I don't even want to think about the antivirus implications of running FPGA code.


It could get interesting. Of course, for secure CPU developers, FPGA's have been the solution for stopping malware rather than the problem. Too bad we only have prototypes to work with so far. Remember, though, that there's always anti-fuse (write-once) FPGA's available for a design you don't plan to change.


Oh I forgot to give you this to help you sleep better at night:

http://www.cis.upenn.edu/~jms/papers/fpgavirus.pdf


Eh, as long as it's on the other side of a hardware based IO-MMU, I'm not super concerned.


Those are overhyped so as to be buzzwords. All the IO-MMU really does is make the data come to and go from a certain point of memory. What it does when it hits the system software or applications is a whole, different risk area. See OS process separation vs all the ways it's bypassed with app & kernel-level vulnerabilities.

So, you consider that the FPGA might sabotage data you send through it or what comes from it. Be monitoring or doing validation on both.


FPGA eats a ton of power. You won't see it anything consumer. It is already used in Server/Pro applications.


There's plenty of low watt FPGA's, even mW's. The Cyclones, etc get 4,000+MIPS in under 2 watts. Microsemi already does FPGA's that run milliwatts with enough slices to support 5-6 accelerators concurrently. As the example below shows, you can have two Stratix's, a CPU, and a whole board's worth of stuff using only 45watts. Merely adding a few layers to an SOC at Intel's new nodes should use way less power than all that. I'm sure Altera's, with Intel's help, will be pretty sweet given they're mainly targeting datacenter use where performance-per-watt is key criteria.
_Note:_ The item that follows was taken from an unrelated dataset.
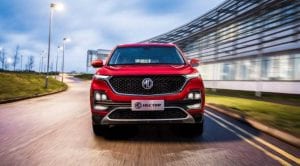 MG Hector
Still, worst case, I'll gladly add 45watts to a gaming/workstation rig... which probably already has a several hundred watt power supply... in exchange for Stratix IV's 500,000+ LE's, 20Mbit SRAM, 20+ 8.4Gbps transceivers, and more direct CPU-to-FPGA link. You have no idea what I can do with that amount of logic and interface speed. A whole OpenSPARC T1 setup only takes 173,000 LE's. Most extensions to make highly secure processors take up a small fraction of that.

So many possibilities and so little time/money. :)

http://www.theplatform.net/2015/05/28/the-other-cray-launche...


I wonder how many people forget (or never learned) that unlike the X86, MIPS, ALPHA, and ARM architectures, SPARC is an open standard and anyone can make a 100% ISA compatible SPARC CPU...

SPARC deserves much more love from the open hardware community than I see it receiving.


Upvote for you seeing as you're educated on the subject! :) I've been telling these secure CPU teams to use it for a while. A few have but most didn't. SAFE went with discontinued, but still I.P., Alpha. (rolls eyes) Shit, the Oracle SPARC T1 & T2 processors were first real CPU's to go open source! Here was my recommendation for open hardware crowd in another HN thread:

"The RISC-V activity is very interesting. I particularly love that they did a 1.4GHz core on 48nm SOI and are working on 28nm level. This knocks out some of the early, hard work of getting competitive hardware at an advanced process node. I'd like to see two things in this work: microprogrammed variant with an assembly or HLL to microcode compiler; tagged variant like SAFE/CHERI processors with IO/MMU that seemlessly adds & removes tags during DMA. That would be way better for security-critical applications than most of what's out there. Multi-core would help, too.

Meanwhile, Gaisler's SPARC cores are commercial, open-source, customizable, support up to 4 cores in Leon4, integrated with most necessary I.P., and can leverage the SPARC ecosystem. Anyone trying to do an open processor can get quite the head-start with that. A few academic and commercial works are already using it. Plus, the SPARC architecture is open as such that you only pay around $100 for the right to use its name.

So, Gaisler's SPARC cores with eASIC's Nextreme seems to be the best way to rapidly get something going. The long-term bet is RISC-V and they could do well copying Gaisler's easy customization strategy. Might be doing that already with their CPU generator, etc: I just read the Rocket paper so far. The solutions built with one can include a way to transition to the other over time."


You are way, way off on your calculations.

The Cyclone IV "MIPS" you are talking about comes from the built-in ARM cores so you're comparing ASIC to ASIC here.

An FPGA vs ASIC, FPGA will lose every time. It is a simple matter of architecture. You have more crap to make the FPGA an FPGA, whereas in ASIC you have optimized gates. So it doesn't make sense for Intel to ship FPGA + CPU for consumer/mobile. Period. You burn more power and no one needs it. FPGAs are also more expensive because they take a ton of silicon space for a comparable function.

FPGA SoCs like Xilinx Zynq or Altera's offerings are widely used but for specific applications, none of it really consumer/mobile/desktop.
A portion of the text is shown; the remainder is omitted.